» RAW DATA
::::::::

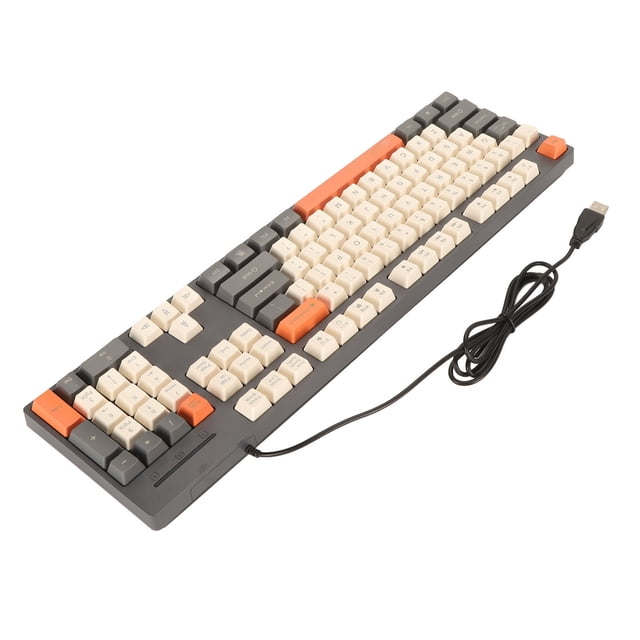 Cute Keyboard, 104 Keys 12 Multimedia Function Keys Keyboard for Game for 7 Pink,Grey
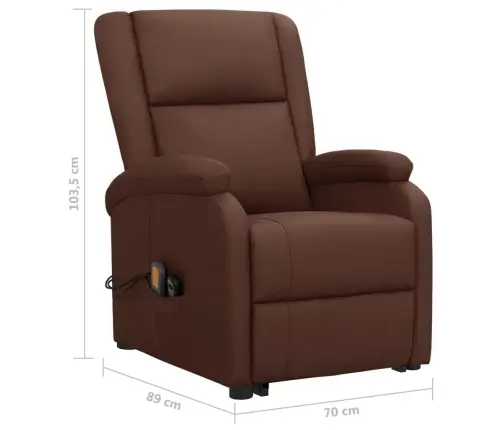 Masāžas Krēsls, Paceļams, Brūna Mākslīgā Āda Vidaxl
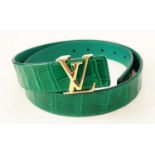 LOUIS VUITTON CROCODILE BELT, green exotic leather with gold tone initials at the front, size 80/32,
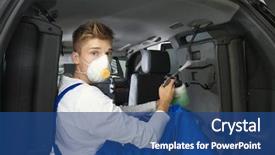  Presentation with car cleaning - Audience pleasing PPT theme consisting of cleaning car salon in body backdrop and a ocean colored foreground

::::::::

» WHAT THIS TASK INVOLVES
The output consists of exactly the lines from the one containing "Masāžas Krēsls, Paceļams, Brūna" through the last line of the listing, both included, with no pictures.

» ANSWER SPACE
 Masāžas Krēsls, Paceļams, Brūna Mākslīgā Āda Vidaxl
 LOUIS VUITTON CROCODILE BELT, green exotic leather with gold tone initials at the front, size 80/32,
  Presentation with car cleaning - Audience pleasing PPT theme consisting of cleaning car salon in body backdrop and a ocean colored foreground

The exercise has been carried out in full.